The programmer writes human-readable code in a high-level programming language (e.g., Python, Java, Go).
This code needs to be translated into machine language (binary code) so the computer can execute it.

Code Translation: Compilation vs. Interpretation

Different programming languages use different methods to translate code into machine-executable form:

Compiled Languages (e.g., C, C++)

A compiler translates the entire source code into machine code before execution.

The compiler may generate assembly code as an intermediate step, which is then converted into machine code.

The final output is an executable file that the computer can run directly.

Interpreted Languages (e.g., Python, JavaScript)

An interpreter reads and executes the code line by line at runtime.

The translation happens dynamically, which makes interpreted languages generally slower than compiled ones.

Hybrid Languages (e.g., Java, C#)

The code is first translated into an intermediate representation (e.g., Java bytecode).

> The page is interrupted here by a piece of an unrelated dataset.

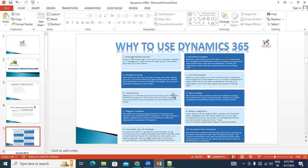CRM also automates your processes to remove manual intervention. For example, once a lead is created in the system, it should automatically be assigned to a sales representative, who should automatically receive a task or an email notification saying: 'We have received a lead — please contact the lead and provide product details.' This kind of automation eliminates manual steps throughout the sales process.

A virtual machine (e.g., JVM for Java) executes this intermediate code.

Machine Code Execution

Once the code is translated into machine code:

The CPU fetches, decodes, and executes the binary instructions.

Each instruction tells the processor to perform a specific operation (e.g., arithmetic calculations, memory access, or I/O operations).

Memory and I/O Interaction

The program interacts with RAM to store and retrieve data.
It communicates with input/output devices such as the keyboard, mouse, and display.
If needed, it accesses files or databases on storage devices.

The Role of the Operating System

The operating system (OS) manages program execution by allocating resources (CPU, memory, disk access).
It ensures that multiple programs can run simultaneously without interfering with each other.
The OS also handles system security and process scheduling.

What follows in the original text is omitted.